Start of Block
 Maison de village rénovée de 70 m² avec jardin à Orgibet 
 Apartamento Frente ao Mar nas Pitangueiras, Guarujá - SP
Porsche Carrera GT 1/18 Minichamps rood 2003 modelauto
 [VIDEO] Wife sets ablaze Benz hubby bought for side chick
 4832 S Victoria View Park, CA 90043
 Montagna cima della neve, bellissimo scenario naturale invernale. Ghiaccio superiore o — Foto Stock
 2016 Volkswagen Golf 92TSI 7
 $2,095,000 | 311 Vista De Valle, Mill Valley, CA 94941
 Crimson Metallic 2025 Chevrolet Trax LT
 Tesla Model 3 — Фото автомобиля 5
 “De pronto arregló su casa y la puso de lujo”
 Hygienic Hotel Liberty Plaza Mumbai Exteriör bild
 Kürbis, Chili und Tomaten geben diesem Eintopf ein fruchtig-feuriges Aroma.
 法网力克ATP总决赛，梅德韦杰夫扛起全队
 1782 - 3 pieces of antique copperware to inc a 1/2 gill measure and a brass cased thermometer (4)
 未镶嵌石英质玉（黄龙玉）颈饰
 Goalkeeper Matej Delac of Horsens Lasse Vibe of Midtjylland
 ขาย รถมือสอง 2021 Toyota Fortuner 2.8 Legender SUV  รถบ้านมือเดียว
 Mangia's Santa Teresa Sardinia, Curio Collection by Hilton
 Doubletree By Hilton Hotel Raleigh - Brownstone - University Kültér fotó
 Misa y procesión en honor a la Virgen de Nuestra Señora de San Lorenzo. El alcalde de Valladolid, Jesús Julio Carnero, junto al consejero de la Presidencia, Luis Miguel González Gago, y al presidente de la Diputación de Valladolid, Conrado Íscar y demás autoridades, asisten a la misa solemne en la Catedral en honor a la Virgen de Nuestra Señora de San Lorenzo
End of Block
Problem to work on: Return, unchanged, the run of lines above that opens with the line containing "Porsche Carrera GT" and closes with the line containing "ขาย รถมือสอง 2021". Include both.

Result below:
Porsche Carrera GT 1/18 Minichamps rood 2003 modelauto
 [VIDEO] Wife sets ablaze Benz hubby bought for side chick
 4832 S Victoria View Park, CA 90043
 Montagna cima della neve, bellissimo scenario naturale invernale. Ghiaccio superiore o — Foto Stock
 2016 Volkswagen Golf 92TSI 7
 $2,095,000 | 311 Vista De Valle, Mill Valley, CA 94941
 Crimson Metallic 2025 Chevrolet Trax LT
 Tesla Model 3 — Фото автомобиля 5
 “De pronto arregló su casa y la puso de lujo”
 Hygienic Hotel Liberty Plaza Mumbai Exteriör bild
 Kürbis, Chili und Tomaten geben diesem Eintopf ein fruchtig-feuriges Aroma.
 法网力克ATP总决赛，梅德韦杰夫扛起全队
 1782 - 3 pieces of antique copperware to inc a 1/2 gill measure and a brass cased thermometer (4)
 未镶嵌石英质玉（黄龙玉）颈饰
 Goalkeeper Matej Delac of Horsens Lasse Vibe of Midtjylland
 ขาย รถมือสอง 2021 Toyota Fortuner 2.8 Legender SUV  รถบ้านมือเดียว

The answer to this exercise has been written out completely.